Expert: Scotto - 11/3/2008

Question
QUESTION: I was given the problem y=x times the square root of (3-x) and I need to find the relative max and min.  I get that the first derivative is (3-x)^(1/2)-((x)/2(3-x)^(-1/2)), but I don't know how to go from there.  PLEASE HELP!!

ANSWER: Is the problem x√(3-x)?
The derivative is √(3-x) - x/(2√(3-x)).
I believe that's what I read.
The derivative of

Setting this to 0 gives √(3-x) - x/(2√(3-x)) = 0.
Multiply by 2√(3-x) and you get 2(3-x) - x = 0 (note that this means that x can't be 3).
Multiply and get 6 - 2x - x = 0, or 6 - 3x = 0.
This says that there is a point at x=2 that is either a min or a max.

If the original function is looked at, it can be seen to be 0 at x=0 and x=3.  Inbetween these two points it is positive, so that at x=2, there must be a maximum.  When x is greater than 3, the function is undefined.  Knowing this, there must be a local minimum at x=3.

To graph the function, note that the function is 0 at x=0 and x=3.  At x=2, the function is 2.  The function is concave down and not defined for x>3.

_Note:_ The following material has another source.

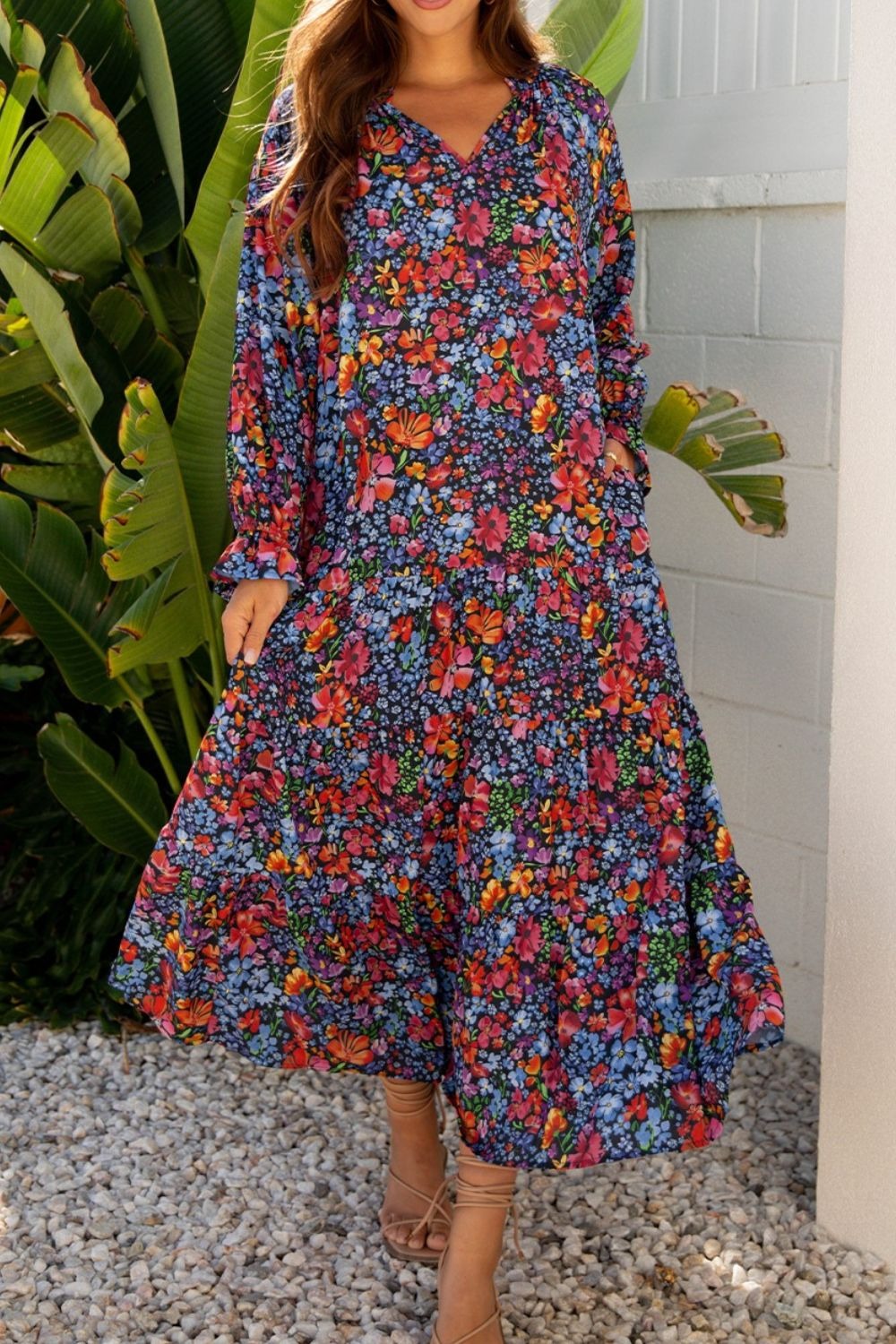 Floral Print Flounce Sleeve Dress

---------- FOLLOW-UP ----------

QUESTION: So using the second derivative, how would you find the points of inflection? Thanks so much for answering my questions.

Answer
The inflection points are the points that are between where the curve is concave up and concave down.  Since when the second derivative is positive means the function is concave up and when it is negative means it is concave down, then where it is 0 is an inflection point.

Thank you for asking these wonderful questions to probe my mind for answers.